Por Walber Guimarães Junior, engenheiro e diretor da CIA FM.
Neste texto, peço a tua companhia para passear por razões históricas que expliquem o atraso brasileiro, concentrado no período pós império e até 2019, guiados pela tese de doutorado da Natalia Doré, engenheira, pesquisadora e professora da Universidade do Porto, embora paranaense de Maringá.
A história do Brasil mostra um período marcadamente oligárquico no início da República (1899 a 1930), com total domínio político das elites econômicas pela coalizão das forças paulistas e mineira, a política do café com leite, que governava o país com prioridade absoluta para os interesses dos grandes proprietários de terra que impunham suas prioridades com facilidade.

Como mencionado no primeiro texto, o excesso de terras e mão de obra barata, não exercia pressão por investimentos, em um país ainda majoritariamente rural, analfabeto e extremamente injusto socialmente. Um verdadeiro paraíso terrestre para as elites.
Renda extremamente concentrada no topo, índices precários de escolaridade, nada significativo que gerasse valor agregado à produção agrícola, sem classe média que estimulasse o consumo e ainda pagando a conta da falta de arranque do século XIX. Éramos apenas um país agrário subdesenvolvido e sem nenhuma preocupação com o capital humano, desenvolvimento cultural da população que, à frente, se mostraria um forte fator inibidor do crescimento.
Sinais de melhora só apareceram quando o agro cobrou investimentos porque nossos produtos sofriam concorrência de produtores internacionais mais resolvidos em termos de logística com preços competitivos. A cana e o café não eram mais exclusividade brasileira e isto exigiu uma revisão de nossos parâmetros, como sempre ditados pelos interesses do poder econômico.

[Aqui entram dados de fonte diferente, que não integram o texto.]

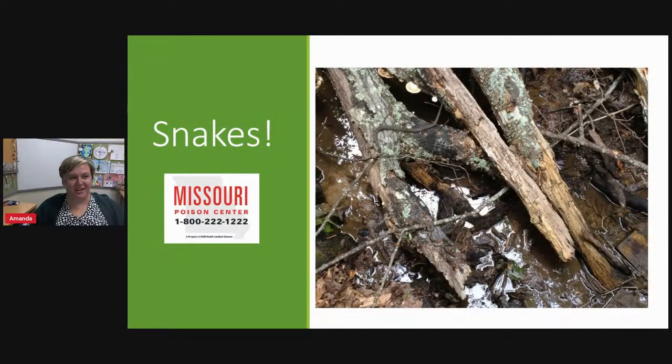Hello and good morning. My name is Amanda and I am a registered nurse and the Community Outreach Coordinator here at the Missouri Poison Center, and today we're going to talk all things snakes.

Na política, iniciamos um período desenvolvimentista, desde 1930 até 1980, com profunda transformação dos parâmetros nacionais, intenso êxodo rural e, portanto, urbanização e posterior favelização de grandes áreas nas nossas cidades, expansão das fronteiras agrícolas e, principalmente, início de um bom processo de industrialização, marcada pelo inicio da siderurgia e da indústria automobilística.
Neste período, muitas nações do mundo cresceram, mas o Brasil cresceu bem mais em termos comparativos, talvez porque, como nos ensina a Natália, é o crescimento de empregos industrias o principal indicador e estimulador de desenvolvimento (seis vezes mais relevantes que o capital humano com demonstrado na tese da nossa pesquisadora). Atingimos uma média de renda per capita razoável, mas ainda longe da média mundial dos países desenvolvidos, em especial dos americanos.
Isto de explica por que nossas indústrias não tinham competitividade internacional, pouco valor agregado e um mercado consumidor interno muito limitado, simplesmente porque a população não tinha poder aquisitivo, não havia inovação, capital humano sem relevância, infraestrutura limitada e um custo Brasil proibitivo, pelos impostos e logística que penalizava a possibilidade de exportações. Como na colônia, ainda mandávamos commodities e recebíamos penduricalhos manufaturados, contribuindo para a evasão de renda e geração de empregos em outras pátrias.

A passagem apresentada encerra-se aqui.